# Nouvelle Time capsule ??



## jujulianos (6 Septembre 2015)

Bonjour, 

Pensez vous qu'une nouvelle time capsule devrait voir le jour ? 

J'hésite encore un peu entre un disque dur externe et une time capsule, et comme je ne suis pas trop pressé pour le moment j' aimerai connaitre plus ou moins vos avis même si rien n'ai officiel...

Merci


----------



## r e m y (6 Septembre 2015)

Aucune idée.... Ce n'est pas le genre de produit qu'Apple met à jour très souvent et quand c'est le cas il n'y a pas vraiment de communication sur les évolutions


----------



## jujulianos (7 Septembre 2015)

c'est sur que niveau communication c'est pas le top  c'est dommage car un produit qui date de 2013 et dont le prix n'a jamais baissé, on n'a pas envie de se jeter dessus...
J'hésite à prendre un disque dur externe en thunderbolt à la place car niveau prix Go/€ il y a pas photos.


----------



## Phabi (29 Septembre 2015)

Je me trouve exactement dans le même cas que toi...

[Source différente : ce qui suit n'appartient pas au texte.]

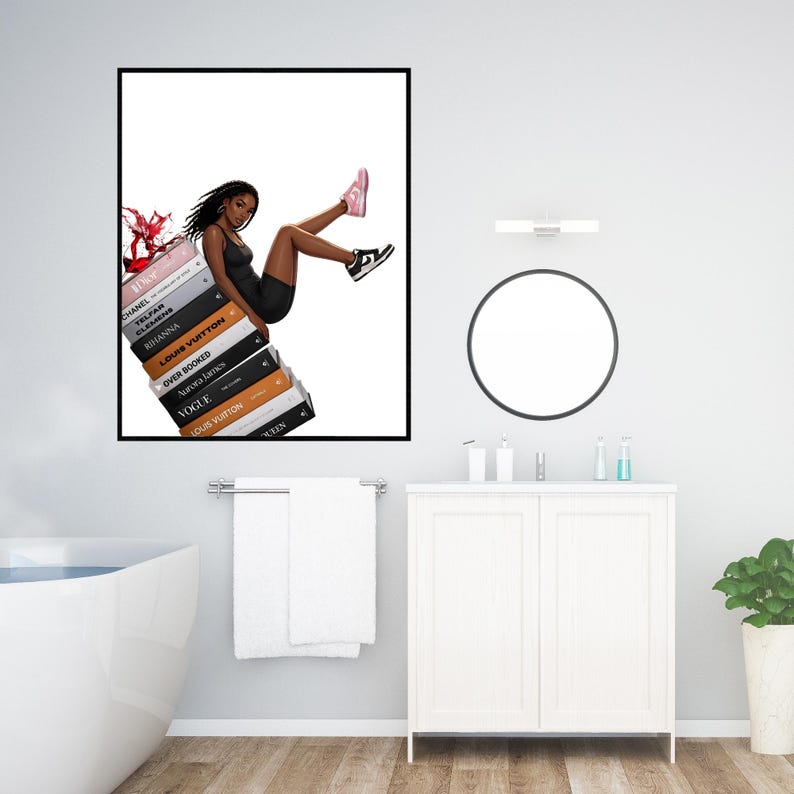 May include: A framed art print featuring a fashion illustration of a person in a black dress and sneakers, sitting atop a stack of books. The books have titles like "Vogue" and "Louis Vuitton". A splash of red is visible on the left.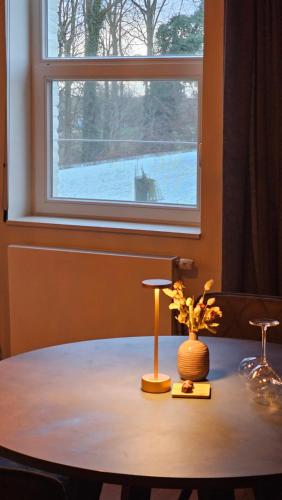 a table with a vase on it with a window at B&B T'Rest - Park ter Rijst in Heikruis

Je suis en réflexion sur un disque RAID1 ( Exemple LaCie 2Big Thunderbolt 2)
pour sécuriser mes données et avoir des performances inégalées...


----------



## jujulianos (1 Octobre 2015)

j'hésite encore...peux être prendre une time capsule 3To sur le refurb, que j'utiliserai pour ma bibliothèque itunes, et sauvegarde time machine. De plus je profiterai du réseau qu'elle produit ( ça sera peux être plus performant que le wifi de la livebox play..)


----------



## tristanWX (5 Octobre 2015)

je pense le prendre une time capsule sur LB en occasion


----------



## Membre supprimé 2 (5 Octobre 2015)

jujulianos a dit:


> j'hésite encore...peux être prendre une time capsule 3To sur le refurb, que j'utiliserai pour ma bibliothèque itunes, et sauvegarde time machine. De plus je profiterai du réseau qu'elle produit ( ça sera peux être plus performant que le wifi de la livebox play..)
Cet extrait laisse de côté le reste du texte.